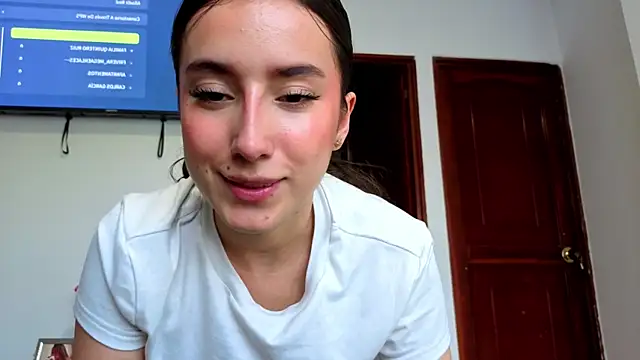 Snapshot of Adhara_Kitten chatting on 07-30-26, 03:55 Adhara Kitten online show from 07-30-26, 03:55
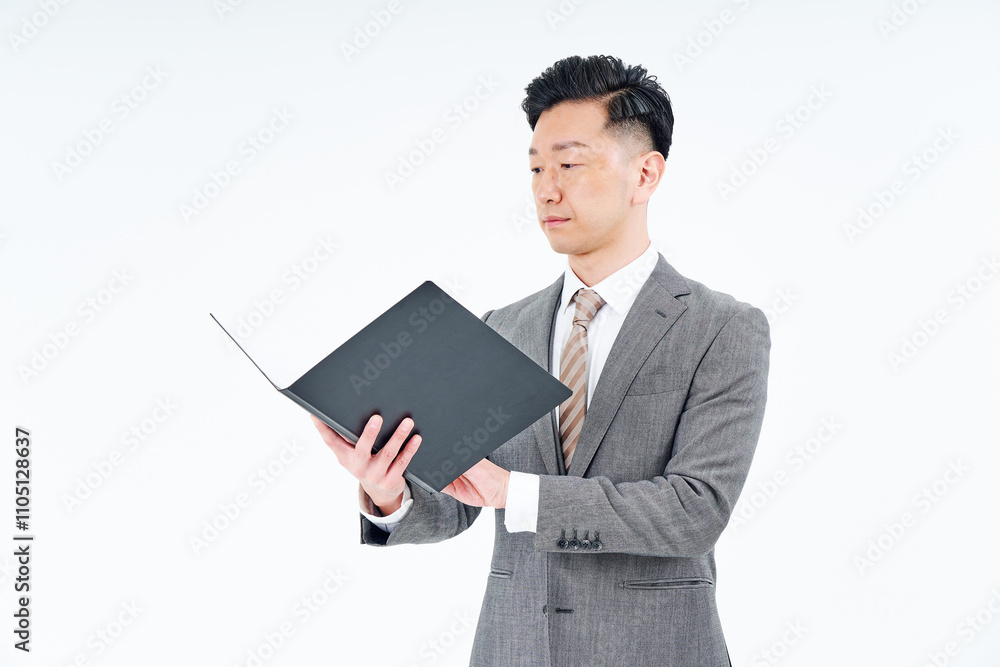 書類に目を通すビジネスマン 書類に目を通すビジネスマン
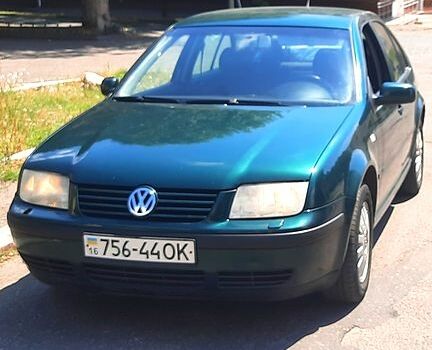 Фольксваген Бора, объемом двигателя 1.6 л и пробегом 170 тыс. км за 4500 $, фото 1 на Automoto.ua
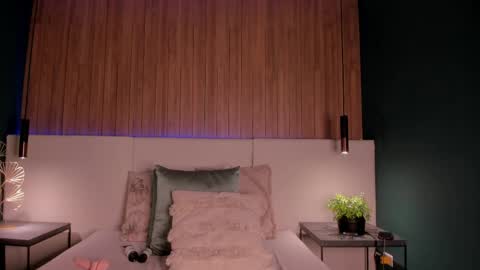 Snapshot of blue_anngel chatting on 05-01-26, 12:48 blue_anngel online show from 05-01-26, 12:48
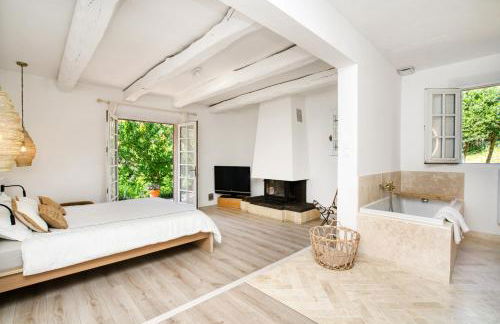 Villa Silia in the Gulf of Saint-Tropez in a natural setting - Foto 18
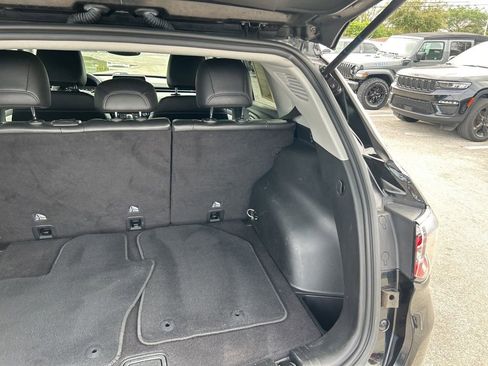 Certified 2022 Jeep Compass Latitude image 31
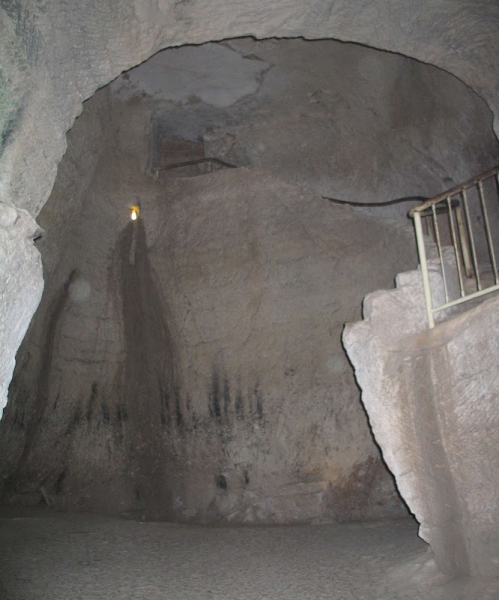 Подземный мегалитический комплекс Мареша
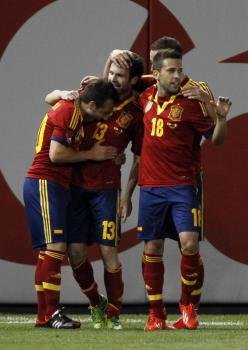  El jugador de España Juan Mata (c) celebra su anotación contra Irlanda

Exercise instructions: Return the entries above exactly as they appear. Pictures should not be copied.

Output for this exercise:
 Snapshot of Adhara_Kitten chatting on 07-30-26, 03:55 Adhara Kitten online show from 07-30-26, 03:55
 書類に目を通すビジネスマン 書類に目を通すビジネスマン
 Фольксваген Бора, объемом двигателя 1.6 л и пробегом 170 тыс. км за 4500 $, фото 1 на Automoto.ua
 Snapshot of blue_anngel chatting on 05-01-26, 12:48 blue_anngel online show from 05-01-26, 12:48
 Villa Silia in the Gulf of Saint-Tropez in a natural setting - Foto 18
 Certified 2022 Jeep Compass Latitude image 31
 Подземный мегалитический комплекс Мареша
  El jugador de España Juan Mata (c) celebra su anotación contra Irlanda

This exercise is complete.